ORIGINAL FRENCH ARTICLE: C’est l’heure de vérité pour l’avenir de Florange
by Thomas Lemahieu
Translated Friday 7 December 2012, by Bill Scobleand reviewed by
According to the trade unions, the government is now determined to force its way if Mittal refuses to sell its plant in eastern France. The bosses, represented by Laurence Parisot, are crying scandal in the name of “property rights.”
In the battle to save the steel works in Florange in eastern France, the moment of truth is approaching. And on the morning of Nov. 29 it was Laurence Parisot, the head of the bosses’ association, who came out of the woods to fly to the aid of her ill-used colleague, Lakshmi Mittal. For her, the perspective of a temporary nationalization is outrageous and “is quite simply and purely scandalous.” “If it is a matter, through such language, of quite simply exercising pressure, of blackmailing, in the course of negotiations, it is inadmissible,” said the president of the MEDEF who, with her “pigeon” friends, or all by herself, spends her time blackmailing the government.
A plant that is still profitable
“Our whole society is built on one essential principle, that of property rights. Weakening that principle, like that, hastily, is very serious, and in addition, let’s not forget that it is very expensive! One must follow the dictates of reason, and I doubt not that the president of France will be much more reasonable than minister Montebourg…” This time, the bosses’ gesticulations apparently do not move the government. And ministers like Manuel Valls are hurrying to close ranks around their comrade, who is in the bosses’ cross-hairs.
“I didn’t hear Mrs. Parisot getting indignant when it was established that this company chairman had decided to under-utilize a plant that is, nevertheless, profitable, or when the formidable industrial waste at that plant was established,” said Jérôme Cahuzac, the budget minister. “I would have preferred it if she had used that adjective when the owner of this industrial plant was behaving in the way we have learned, transferring a large portion of the profits from French industrial plants beyond our borders, notably to Luxemburg.”
“But where was the head of the bosses’ association when Mittal indulged in systematically breaking up French steel-making? On holiday,” the French Communist Party said angrily.

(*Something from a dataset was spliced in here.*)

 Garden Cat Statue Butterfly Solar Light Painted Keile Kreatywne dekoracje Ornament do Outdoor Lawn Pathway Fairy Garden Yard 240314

In substance, of Mittal refuses to sell its plant in eastern France as a block, everything is said to be ready on the desks of the French president and prime minister. According to the CGT metalworkers federation, which participated in the meeting with the minister for industrial renewal, “the legal, economic and industrial set-up is totally prepared, and Arnaud Montebourg believes that, on his side, everything is ready.” On the basis of words spoken at the Ministry of the Economy, the trade union speaks of an industrial buyer ready to put up 400 million euros, with the state chipping in another 400 million euros. It is said that this temporary nationalization will be financed by the sale of part of the stake held by the state in certain companies.
On a European scale
For the CGT that solution is unacceptable. “We’re not going to nationalize on the one hand to privatize on the other!” the trade union exclaimed. The CGT defends the perspective of a public steel company on a European scale. The CGT recommends drawing on the dividends paid to the state on the basis of its stake of nearly 60 billion euros in a certain number of companies.
The latest sign of the ongoing development in the trade union and political areas: As he was leaving to greet a dozen CFDT union officials who have been camping since Nov. 28 in front of the Ministry for Industrial Renewal, Laurent Berger, who had just been named to head the CFDT, a trade union which has excluded hypotheses of this type since its “re-centering” in the 1980s, defended “the only solution” which, in his opinion, is “transitory nationalization.”